Oh, for those of you that would advance the notion that with Freud, everything was sexual, and would attempt to apply that to Poe... guys... grow up. Poe was a doomed romantic, not a hormone-driven loser. You do not spend decades crying into your beer over a particular women if you just want to fuck them. If he just wanted sex with a veritable zoo of women I'm sure he could have managed that with his lively words and popularity as a writer. Hell, 'The Raven' was printed more than 18 times during the course of his life. If it was all about sex, he wouldn't have felt these pains deeply, and wouldn't have written poems with women's names coded into them, acrostic style.

Note: Popularity does not equate to riches in Poe's case. He would slave over a poem for months and get paid pennies for it. Motherfucking magazine bastards.

You could make the argument that he was fucked up because his mother died early, I suppose. See the poem 'To My Mother', written mere months before his death. The 'mother' Poe writes about here, is clearly not his own, but the mother-in-law he loved. With apologies to the late Edgar Allen Poe, I present a quote from the poem to illustrate me point. The line, "The angels, whispering to one another/Can find, among their burning terms of love/None so devotional as that of 'Mother'." That sounds like it makes a good case for Freud, but that's just incorrect. In a later line in the same poem we get, "Therefore by that sweet name I love have called you--/You who are more than mother unto me." This also sounds like a good case for Freud and his complex. But this, too, is wrong. Why? Well, this line pretty much spells it out: "My mother--my own mother, who died early/Was but the mother of myself; but you/Are mother to the one I loved so dearly/And thus are dearer than the mother I knew." Right. His mommy died young and he has great admiration (or whatever) for his mother-in-law BECAUSE she gave birth to his wife. I'm not sure you can read into this that he was in love with his mother-in-law. It seems to me more like he thinks she's great because she birthed the woman he's in love with. It is not unreasonable, furthermore, to believe that many of the traits that made his wife so dear to him were inherited from her mother. Could it be that after his wife died of tuberculosis, her mother was the one that comforted him?

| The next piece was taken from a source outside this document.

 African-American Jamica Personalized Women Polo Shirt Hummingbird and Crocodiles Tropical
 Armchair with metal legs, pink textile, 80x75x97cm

Maybe in his grief he turned to her and saw his beloved reflected in her. While I would never do anything like that, I can at least understand it. It is also very different from Freud's Oedipus rantings.

In conclusion, Corman, shut your mouth and get back to making b-movies, and the rest of you people who want to stick Poe into the Freudian model, go soak your heads.

Wednesday, October 09, 2002

I don't know if you caught this in the latest TAKAHASHI update, but those wacky kids at TAKALINE have written the most beautiful line in the history of the English language. In case you are having trouble discovering it, I'll reproduce it right here:

"You have made my time wasteful."

This, folks, is sincerely profound.

Well... bah. I couldn't let MFO go out like that. Therefore, me and Broom joined forces to provide you with a MFO one-two punch consisting entirely of shit. Enjoy!

Due to unpopular demand, Masterforce.org is not being updated today. No one sent in any articles, so there are none for you to read.

I figured it would be fairly pathetic to just post my one pitiful article by itself.